━━━━━ DATA TO PROCESS ━━━━━

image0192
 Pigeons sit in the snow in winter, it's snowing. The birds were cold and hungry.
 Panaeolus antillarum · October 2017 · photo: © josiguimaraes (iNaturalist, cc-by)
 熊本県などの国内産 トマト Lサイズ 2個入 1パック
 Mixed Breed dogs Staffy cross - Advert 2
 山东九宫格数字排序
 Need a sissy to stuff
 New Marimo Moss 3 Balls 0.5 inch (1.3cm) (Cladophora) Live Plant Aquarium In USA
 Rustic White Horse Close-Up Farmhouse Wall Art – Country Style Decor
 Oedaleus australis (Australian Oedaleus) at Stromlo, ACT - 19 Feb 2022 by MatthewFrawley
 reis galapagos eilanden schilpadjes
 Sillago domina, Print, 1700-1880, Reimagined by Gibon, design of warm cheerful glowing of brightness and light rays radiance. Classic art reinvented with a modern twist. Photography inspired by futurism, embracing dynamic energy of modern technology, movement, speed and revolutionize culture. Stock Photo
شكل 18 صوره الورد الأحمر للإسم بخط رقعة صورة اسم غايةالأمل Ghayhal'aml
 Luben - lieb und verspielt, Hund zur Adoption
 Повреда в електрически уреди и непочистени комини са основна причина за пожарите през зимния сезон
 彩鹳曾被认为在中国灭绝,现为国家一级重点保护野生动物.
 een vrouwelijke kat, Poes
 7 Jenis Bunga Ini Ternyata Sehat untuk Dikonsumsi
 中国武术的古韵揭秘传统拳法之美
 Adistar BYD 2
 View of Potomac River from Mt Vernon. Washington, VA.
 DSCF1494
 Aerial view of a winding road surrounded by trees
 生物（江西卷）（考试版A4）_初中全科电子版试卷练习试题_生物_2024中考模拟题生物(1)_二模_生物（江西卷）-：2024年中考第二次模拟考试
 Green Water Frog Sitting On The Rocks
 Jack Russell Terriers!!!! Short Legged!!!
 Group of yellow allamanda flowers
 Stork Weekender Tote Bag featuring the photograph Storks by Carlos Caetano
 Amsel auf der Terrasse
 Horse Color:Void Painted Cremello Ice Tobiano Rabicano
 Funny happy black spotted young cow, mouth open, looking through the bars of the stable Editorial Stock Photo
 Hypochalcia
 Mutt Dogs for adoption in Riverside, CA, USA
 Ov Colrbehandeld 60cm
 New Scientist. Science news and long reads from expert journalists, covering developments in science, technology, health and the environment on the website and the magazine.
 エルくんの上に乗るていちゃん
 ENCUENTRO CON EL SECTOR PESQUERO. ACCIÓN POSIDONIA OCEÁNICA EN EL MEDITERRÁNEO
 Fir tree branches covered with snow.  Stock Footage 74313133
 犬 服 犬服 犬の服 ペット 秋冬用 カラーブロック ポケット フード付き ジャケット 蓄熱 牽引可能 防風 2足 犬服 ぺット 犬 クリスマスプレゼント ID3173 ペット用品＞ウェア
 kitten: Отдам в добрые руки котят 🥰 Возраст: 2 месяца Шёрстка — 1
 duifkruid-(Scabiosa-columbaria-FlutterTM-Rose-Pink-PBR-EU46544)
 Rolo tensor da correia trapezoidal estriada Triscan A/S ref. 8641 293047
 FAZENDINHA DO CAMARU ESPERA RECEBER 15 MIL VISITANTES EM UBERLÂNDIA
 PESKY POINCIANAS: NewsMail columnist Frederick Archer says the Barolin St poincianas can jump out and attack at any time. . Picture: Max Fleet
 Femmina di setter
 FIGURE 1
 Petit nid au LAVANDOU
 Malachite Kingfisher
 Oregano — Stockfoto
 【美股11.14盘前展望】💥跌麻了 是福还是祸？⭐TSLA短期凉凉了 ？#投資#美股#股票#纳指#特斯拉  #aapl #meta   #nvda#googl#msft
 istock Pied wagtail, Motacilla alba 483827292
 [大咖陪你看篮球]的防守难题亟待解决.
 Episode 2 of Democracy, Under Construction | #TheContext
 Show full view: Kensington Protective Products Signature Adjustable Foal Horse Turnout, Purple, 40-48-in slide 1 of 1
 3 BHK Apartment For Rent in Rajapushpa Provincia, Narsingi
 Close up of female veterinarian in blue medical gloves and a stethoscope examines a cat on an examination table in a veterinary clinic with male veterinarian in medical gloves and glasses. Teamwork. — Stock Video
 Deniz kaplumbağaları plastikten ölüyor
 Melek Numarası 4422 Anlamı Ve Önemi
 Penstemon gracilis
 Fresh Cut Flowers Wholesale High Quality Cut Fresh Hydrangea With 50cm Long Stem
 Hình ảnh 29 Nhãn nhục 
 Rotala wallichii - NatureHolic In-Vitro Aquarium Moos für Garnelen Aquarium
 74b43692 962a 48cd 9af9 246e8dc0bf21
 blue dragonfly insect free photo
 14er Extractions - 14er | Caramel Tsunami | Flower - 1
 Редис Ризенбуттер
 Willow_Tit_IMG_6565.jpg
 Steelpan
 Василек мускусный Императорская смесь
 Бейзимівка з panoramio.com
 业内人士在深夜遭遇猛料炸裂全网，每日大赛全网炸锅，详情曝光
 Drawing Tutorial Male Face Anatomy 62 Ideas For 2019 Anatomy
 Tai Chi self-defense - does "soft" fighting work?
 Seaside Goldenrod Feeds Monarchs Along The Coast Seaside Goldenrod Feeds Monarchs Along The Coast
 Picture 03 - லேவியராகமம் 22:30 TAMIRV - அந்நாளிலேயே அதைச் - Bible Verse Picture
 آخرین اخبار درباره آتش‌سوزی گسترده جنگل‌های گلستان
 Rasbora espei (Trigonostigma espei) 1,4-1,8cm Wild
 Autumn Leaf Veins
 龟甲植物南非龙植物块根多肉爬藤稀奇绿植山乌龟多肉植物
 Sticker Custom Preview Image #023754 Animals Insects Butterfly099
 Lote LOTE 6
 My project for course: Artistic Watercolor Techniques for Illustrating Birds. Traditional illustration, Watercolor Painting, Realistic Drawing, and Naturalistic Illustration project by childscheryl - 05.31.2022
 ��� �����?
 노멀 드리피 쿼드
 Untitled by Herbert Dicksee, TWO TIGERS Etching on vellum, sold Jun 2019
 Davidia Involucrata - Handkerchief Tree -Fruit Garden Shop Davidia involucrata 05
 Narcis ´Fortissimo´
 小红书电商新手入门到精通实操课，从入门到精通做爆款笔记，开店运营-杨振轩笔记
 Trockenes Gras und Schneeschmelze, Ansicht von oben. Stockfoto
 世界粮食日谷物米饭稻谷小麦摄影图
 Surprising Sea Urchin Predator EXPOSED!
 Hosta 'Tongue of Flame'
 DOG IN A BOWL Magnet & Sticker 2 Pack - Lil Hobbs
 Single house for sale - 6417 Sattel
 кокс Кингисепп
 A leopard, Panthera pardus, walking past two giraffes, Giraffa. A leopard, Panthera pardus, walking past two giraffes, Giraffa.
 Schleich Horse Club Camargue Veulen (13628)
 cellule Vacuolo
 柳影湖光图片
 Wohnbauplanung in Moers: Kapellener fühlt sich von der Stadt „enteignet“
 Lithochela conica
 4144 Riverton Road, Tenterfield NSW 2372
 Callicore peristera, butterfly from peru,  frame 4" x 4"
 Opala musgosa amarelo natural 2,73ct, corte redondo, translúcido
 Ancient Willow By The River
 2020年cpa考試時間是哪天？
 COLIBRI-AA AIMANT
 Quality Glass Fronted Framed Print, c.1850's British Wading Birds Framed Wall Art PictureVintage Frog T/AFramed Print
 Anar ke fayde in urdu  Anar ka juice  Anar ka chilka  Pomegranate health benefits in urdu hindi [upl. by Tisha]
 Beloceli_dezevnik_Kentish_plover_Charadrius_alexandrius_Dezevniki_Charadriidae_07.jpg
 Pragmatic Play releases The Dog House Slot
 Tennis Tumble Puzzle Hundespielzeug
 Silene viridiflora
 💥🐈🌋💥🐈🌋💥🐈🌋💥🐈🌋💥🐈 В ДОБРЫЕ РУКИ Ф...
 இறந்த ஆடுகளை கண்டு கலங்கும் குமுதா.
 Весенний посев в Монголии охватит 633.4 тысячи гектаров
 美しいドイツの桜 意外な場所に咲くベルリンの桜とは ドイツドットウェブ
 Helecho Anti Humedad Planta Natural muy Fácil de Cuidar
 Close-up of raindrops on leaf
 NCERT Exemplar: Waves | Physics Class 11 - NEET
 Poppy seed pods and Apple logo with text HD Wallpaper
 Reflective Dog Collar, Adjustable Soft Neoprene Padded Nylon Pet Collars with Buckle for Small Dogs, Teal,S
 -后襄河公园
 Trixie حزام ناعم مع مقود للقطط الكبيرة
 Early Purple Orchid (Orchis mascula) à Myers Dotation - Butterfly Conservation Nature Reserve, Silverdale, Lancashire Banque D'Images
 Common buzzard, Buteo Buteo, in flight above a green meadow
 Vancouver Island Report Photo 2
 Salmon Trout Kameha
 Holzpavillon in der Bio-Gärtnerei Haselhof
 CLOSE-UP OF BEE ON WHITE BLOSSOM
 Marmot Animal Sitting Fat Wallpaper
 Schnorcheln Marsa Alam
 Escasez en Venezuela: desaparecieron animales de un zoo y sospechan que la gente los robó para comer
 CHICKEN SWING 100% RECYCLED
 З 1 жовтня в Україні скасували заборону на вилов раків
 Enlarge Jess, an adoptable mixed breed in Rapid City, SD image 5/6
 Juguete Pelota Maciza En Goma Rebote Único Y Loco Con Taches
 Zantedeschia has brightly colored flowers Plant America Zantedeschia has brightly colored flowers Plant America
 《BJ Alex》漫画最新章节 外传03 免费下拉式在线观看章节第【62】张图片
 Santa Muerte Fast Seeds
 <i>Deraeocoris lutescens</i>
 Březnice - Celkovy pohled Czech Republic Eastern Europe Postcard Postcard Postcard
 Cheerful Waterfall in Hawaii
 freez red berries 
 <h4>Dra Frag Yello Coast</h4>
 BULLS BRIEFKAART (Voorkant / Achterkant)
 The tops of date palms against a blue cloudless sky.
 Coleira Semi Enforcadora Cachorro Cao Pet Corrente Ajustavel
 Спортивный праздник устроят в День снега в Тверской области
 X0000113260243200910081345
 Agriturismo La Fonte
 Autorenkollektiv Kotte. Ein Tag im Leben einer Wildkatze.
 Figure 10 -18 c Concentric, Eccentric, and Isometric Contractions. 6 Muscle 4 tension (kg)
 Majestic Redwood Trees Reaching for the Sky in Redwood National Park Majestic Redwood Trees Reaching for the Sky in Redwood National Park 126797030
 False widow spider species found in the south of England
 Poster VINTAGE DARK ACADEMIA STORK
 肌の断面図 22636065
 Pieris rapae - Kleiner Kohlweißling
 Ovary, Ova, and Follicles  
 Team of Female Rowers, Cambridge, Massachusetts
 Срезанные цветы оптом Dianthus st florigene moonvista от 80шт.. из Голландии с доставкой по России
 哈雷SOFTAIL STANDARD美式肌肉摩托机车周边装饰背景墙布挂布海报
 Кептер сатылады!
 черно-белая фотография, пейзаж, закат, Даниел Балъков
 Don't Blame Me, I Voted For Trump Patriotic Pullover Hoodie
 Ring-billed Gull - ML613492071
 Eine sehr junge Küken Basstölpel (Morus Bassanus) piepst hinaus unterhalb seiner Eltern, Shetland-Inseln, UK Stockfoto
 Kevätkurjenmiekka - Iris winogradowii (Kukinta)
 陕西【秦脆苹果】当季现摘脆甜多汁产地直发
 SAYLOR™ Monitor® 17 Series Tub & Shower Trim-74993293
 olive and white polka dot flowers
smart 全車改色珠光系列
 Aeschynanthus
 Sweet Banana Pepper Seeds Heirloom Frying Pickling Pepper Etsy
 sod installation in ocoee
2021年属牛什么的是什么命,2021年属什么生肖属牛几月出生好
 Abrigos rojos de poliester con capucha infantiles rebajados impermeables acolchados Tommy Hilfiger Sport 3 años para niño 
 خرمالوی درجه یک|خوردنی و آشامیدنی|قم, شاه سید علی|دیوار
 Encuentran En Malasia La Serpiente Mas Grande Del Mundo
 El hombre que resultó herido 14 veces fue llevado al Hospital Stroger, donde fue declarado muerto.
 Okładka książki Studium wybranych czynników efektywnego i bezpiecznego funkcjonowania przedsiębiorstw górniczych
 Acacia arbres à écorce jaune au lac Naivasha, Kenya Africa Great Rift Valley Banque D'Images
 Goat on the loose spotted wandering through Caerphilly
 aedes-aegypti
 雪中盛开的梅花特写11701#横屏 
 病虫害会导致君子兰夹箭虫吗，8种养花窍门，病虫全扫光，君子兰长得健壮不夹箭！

━━━━━

** WORK ORDER **
Gather up, from the records above, each line where the word "Seeds" appears.

** WRITTEN RESPONSE **
 Santa Muerte Fast Seeds
 Sweet Banana Pepper Seeds Heirloom Frying Pickling Pepper Etsy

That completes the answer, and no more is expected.